## TASK OBJECTIVE
What is needed is the full listing written out exactly, minus the pictures.

## PROVIDED MATERIAL
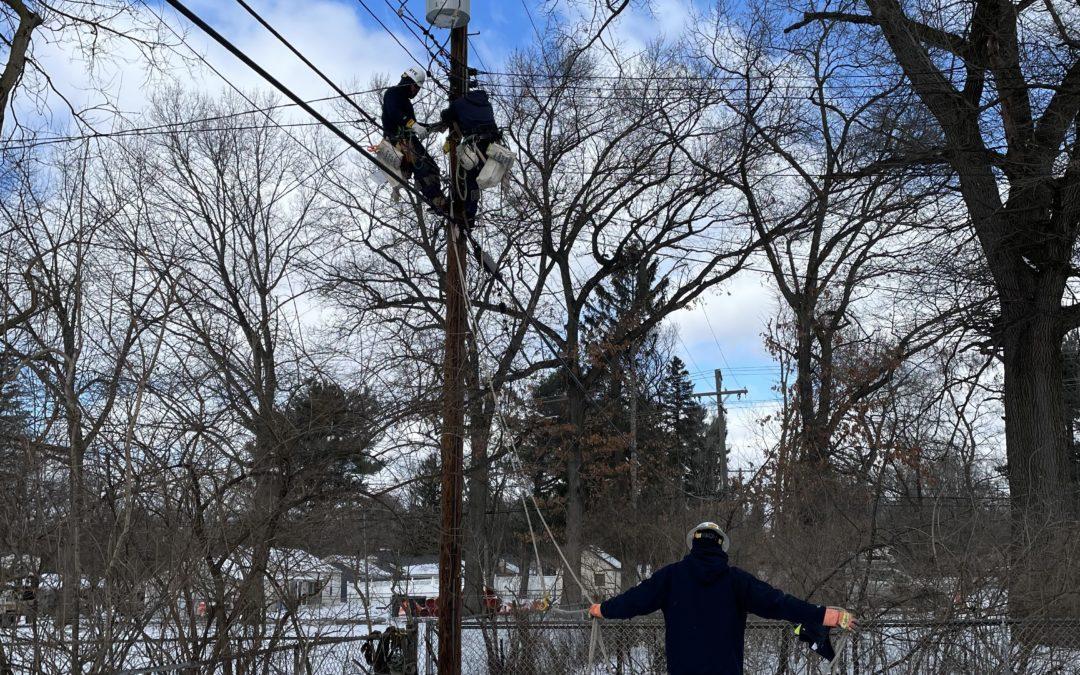 1/28 – DTE crew installs new transformer to improve reliability for Southfield customer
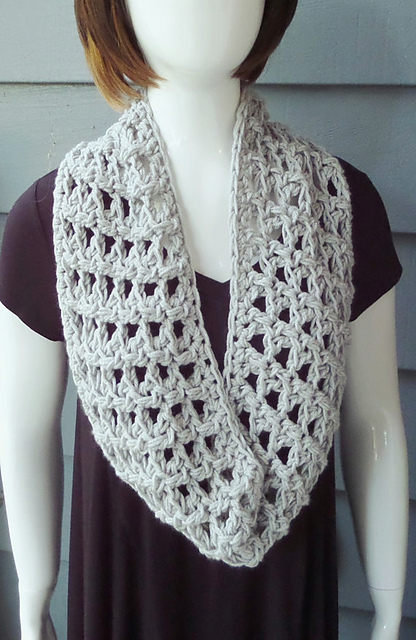 C085 Daisy Cowl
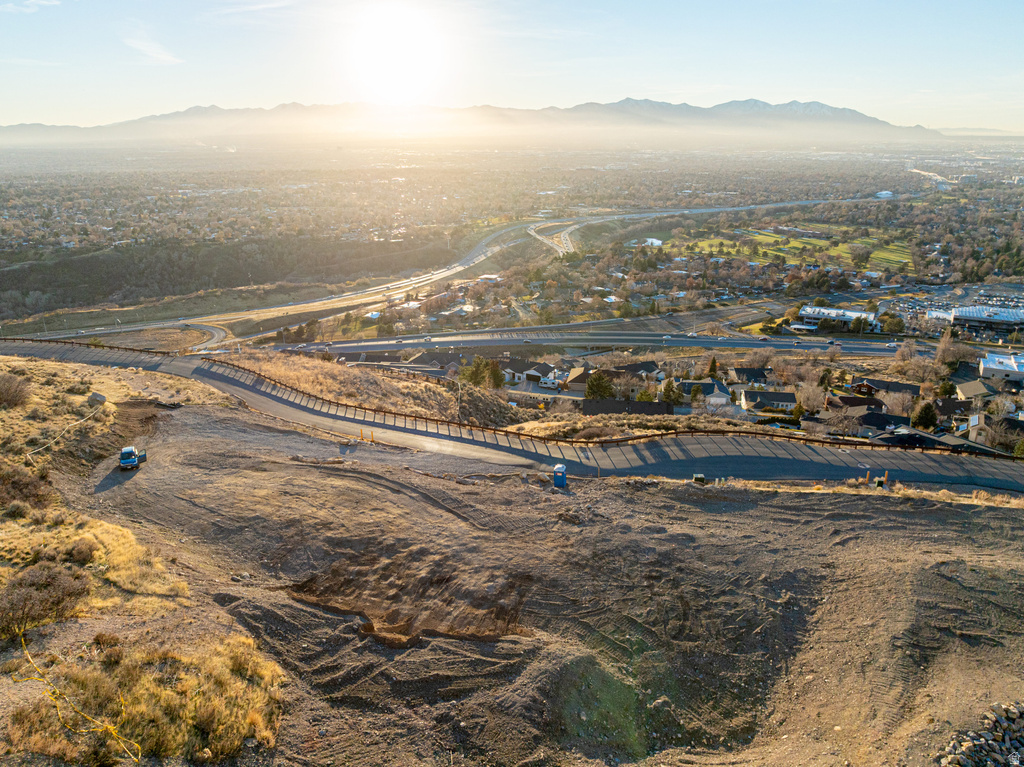 2427 S CANNON POINT DR Salt Lake City, UT 84109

## REPLY
 1/28 – DTE crew installs new transformer to improve reliability for Southfield customer
 C085 Daisy Cowl
 2427 S CANNON POINT DR Salt Lake City, UT 84109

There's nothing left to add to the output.